[0:00] I would like this morning to direct your attention to words which are found in the first passage of Scripture, which we read in the book of Ezekiel, from the prophecy of Ezekiel, chapter 37, and to the third verse.
[0:21] He asked me, Son of Man, can these bones live?
[0:34] Can these bones live? Amen. During this week which has passed, I'm sure that all of us would have seen in television or read in newspapers of the visit to Passchendaele, of the Queen and the First Minister and others, to celebrate the 90th anniversary of that particular battle in the First World War.
[1:09] They went there to honour the memory of those who died for their country. And there's a sense in which, in this passage that we've read today, Ezekiel also visits a battlefield.
[1:27] His visit is a visit, a visionary visit. It's a vision that he was given by the Lord. But he went to a battlefield.
[1:39] A battlefield in the desert. Probably it was situated in what today is Iraq. Where, of course, there are many deaths, sadly, today and tragically today.
[1:50] And the deaths in Iraq are sadly not marked by the care and the order that the war cemeteries in Belgium and France have given to those who have died there, belonging to different countries.
[2:10] But Ezekiel was given this vision of a battlefield. He was taken out, out into the desert. He himself was in modern Iraq, or what is modern Iraq?
[2:21] He was in Babylonia. And he was taken in this vision out into the desert. And he was taken to a valley. And this valley was, in effect, a great cemetery.
[2:35] Except that the bodies had not been buried. It was apparently the scene of enormous slaughter of an army.
[2:46] And the bodies were left. And by the time Ezekiel saw them, they were simply bones. They were dry bones. They were long dead.
[2:59] They'd been bleached by the sun. They were there. Just the remnants of a mighty army.
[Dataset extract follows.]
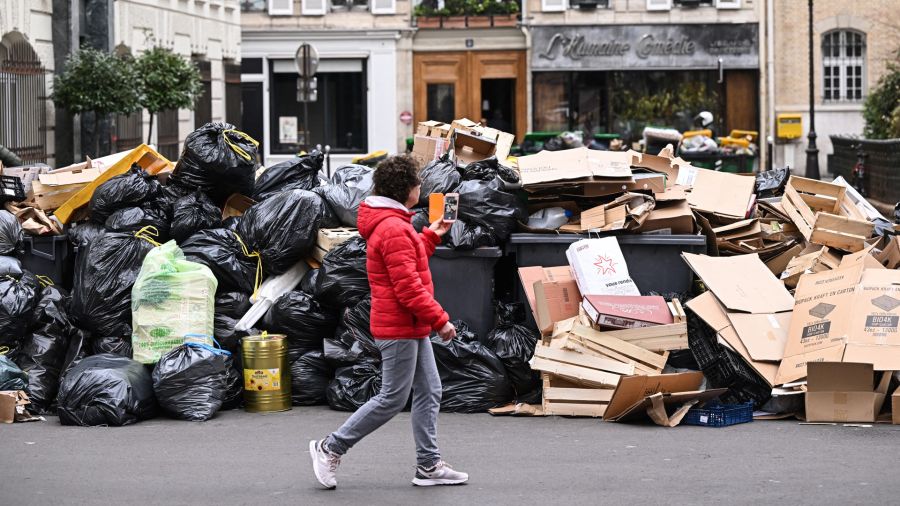 Fotogaleria Un peatón pasa junto a contenedores de basura doméstica en una calle de París, que se han ido acumulando desde que los recolectores se declararon en huelga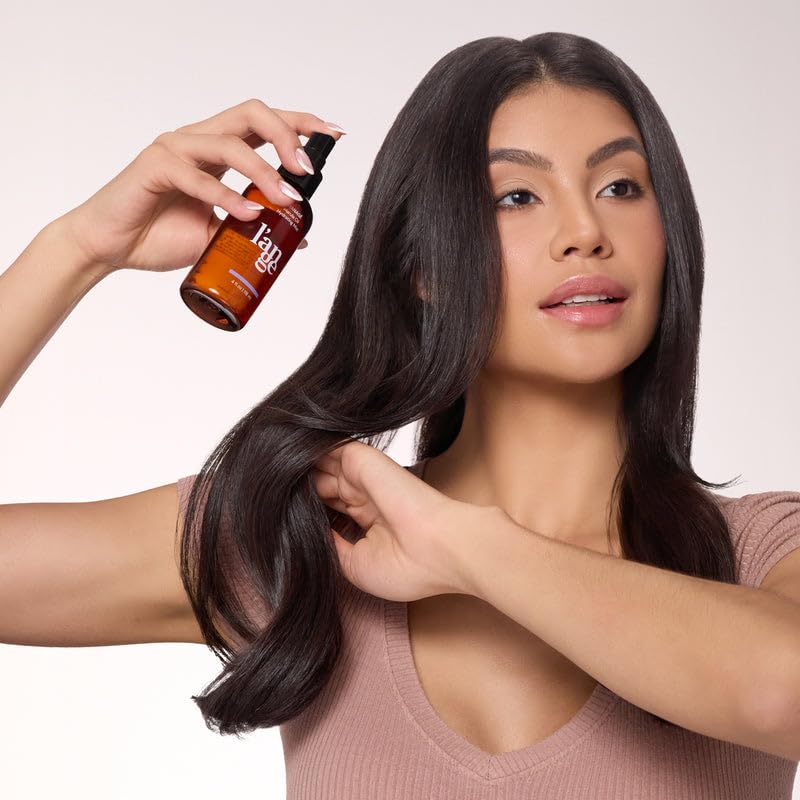 L'ANGE HAIR lifestyle shot of glossy hair after use, shows improved shine and smoothness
[3:10] Those who had not died in the battle would have died from thirst, from sunstroke and exhaustion. It must have been a spine-chilling scene for Ezekiel.
[3:23] Much worse than a visit to a modern war cemetery, where the neatness and the landscaping of grass and trees cushioned, to some extent, the impact of the appalling slaughter which made these war cemeteries necessary.
[3:41] Ezekiel was given no such cushion. He had to absorb in his spirit the full impact of this horrendous scene which he saw.
[3:52] And as he slowly picked his way through the scores of skeletons in that valley, he must have been painfully impacted by the slow death that many of those whose remains were around him had suffered in that place.
[4:17] Now he tells us that this was a vision given to him by God as a picture, as a picture of the plight of the exiles in Babylon.
[4:30] He himself was an exile. He was there working as the Lord's prophet among the people, his own people who had been carried away captive.
[4:42] He'd been trained as a priest, but he was never able to practice as a priest because in the year that he was due to be ordained as a priest, he was taken into exile. And rather than being a priest, he became a prophet.
[4:55] And he fulfilled a long ministry among his people in exile. And much of his ministry was given in pictorial form, at least verbal pictorial form.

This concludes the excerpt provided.